Writing principles

Text on the car screen must be glanceable, consistent, clear, and oriented towards the driver's situation.

This section describes how you can:

Make content glanceable

Simple, glanceable content ensures that the driver's attention returns quickly to the road.

You should:

Use scannable content patterns

While both driving and parked, the goal is to reduce the driver's cognitive load. People don't read what's on the screen; instead they scan the text in an F-shaped pattern.

Front-load important information, clearly and concisely describing the action the user needs to perform. Use clear hierarchy to convey information at a glance. For example, use bullet points to organize content.



Connect your phone to start

To get started, do one of the following:

  • Tap the notification on your phone
  • Scan the QR code

Connect your phone to start

Tap the on the notification on your phone or scan the QR code to get started. You will then be guided to your car's app to complete next steps.

Use simple, direct language

Avoid using jargon or complex words. They confuse the user and delay task completion.



Sign in to your account Authenticate your account

Limit text to 120 characters

Limiting the amount of text the driver has to read before taking action reduces cognitive load and increases comprehension. Based on guidance from NHTSA and JAMA:

  • A single message or chunk of text in English shouldn't exceed 120 characters or 24 words
  • A single message or chunk of text in Japanese shouldn't exceed 30 characters
  • The text in 1 line shouldn't exceed 80 characters
  • A sentence or paragraph shouldn't span more than 3 lines of text

This guidance doesn't apply to legal or privacy text.



Android Auto doesn't work with your phone

Android Auto isn’t part of your phone’s operating system, so it won't work with this car.


Android Auto was not preinstalled on this device

Android Auto must be bundled with your operating system to work correctly. Please contact your phone manufacturer for assistance.

Try Again

Use consistent language

Consistent language helps minimize cognitive load for drivers.

You should:

Be consistent in your writing style

Consistency creates a cohesive and recognizable voice for your brand. It helps drivers navigate the text easily and over time builds trust and loyalty.

Based on your brand's style choices, ensure consistency in choice of words, sentence structure, capitalization, punctuation, and overall voice and tone.

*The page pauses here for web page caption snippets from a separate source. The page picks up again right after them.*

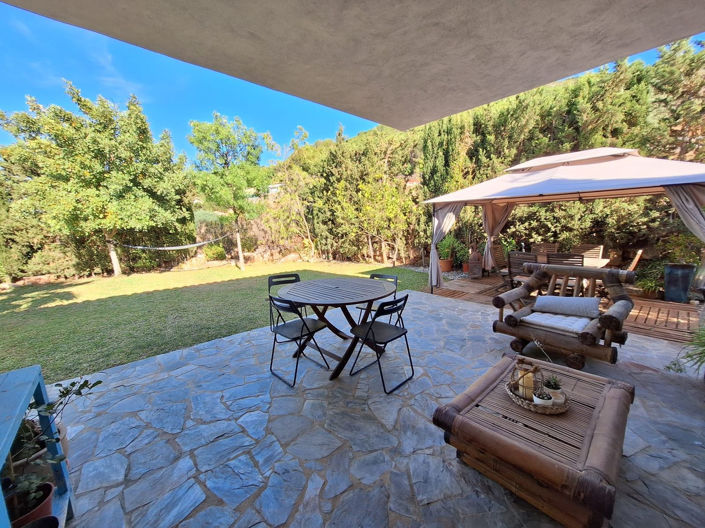 Image No.50-3 Bed Property for sale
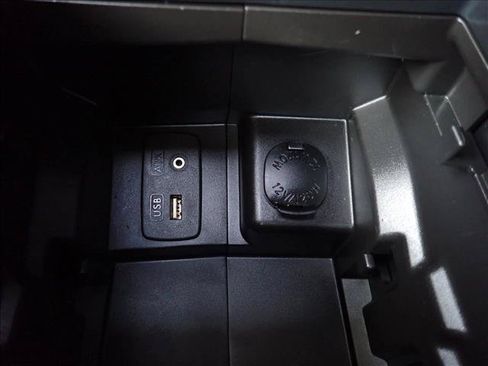 Used 2014 Subaru Crosstrek 2.0i Limited AWD/4WD image 21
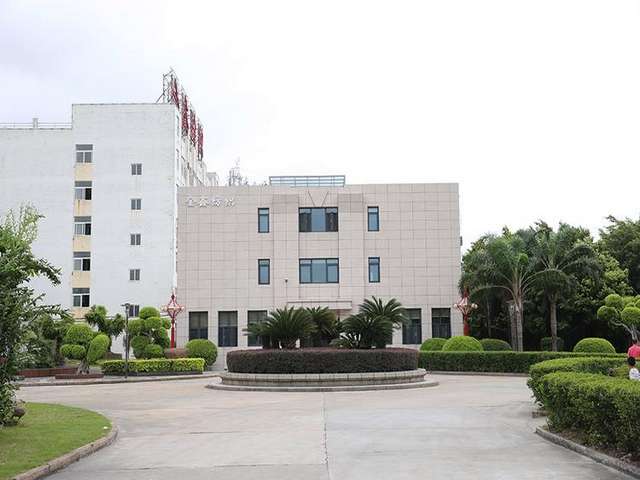 湘潭不服劳动仲裁的起诉状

Make buttons sentence case or title case consistently

Cancel setup

Connect another phone

Mix capitalization across buttons

Cancel Setup

Connect another device

Punctuate the end of standalone sentences consistently: period or no period

"Your phone is now connected to the car" and "You lost connection with your phone"

Mix use of periods across sentences

"Your phone is now connected to the car." and "You lost connection with your phone"

Unify terminology

Using different words to mean the same thing confuses users. Use consistent terminology across your product to remove ambiguity during user journeys, enhance user comprehension, and increase user trust.



First reference: Phone

Second reference: Connect another phone

First reference: Mobile device

Second reference: Connect another phone

Write with situational awareness

Ensure language on the UI is relevant to the user's needs and situation, including whether they are driving, parked, or experiencing an emergency.

You should:

Balance brevity with clarity

The text shown during driving should be brief and clear. However, it's OK to use longer explanations for complex situations — such as privacy consents, permissions, and data sharing — when the driver is parked. In those instances, break up longer text using lists and hierarchy to keep text readable.



Chromecast built-in

To use Chromecast built-in, you'll need to agree to Google's Terms of Service and Google's Privacy Policy.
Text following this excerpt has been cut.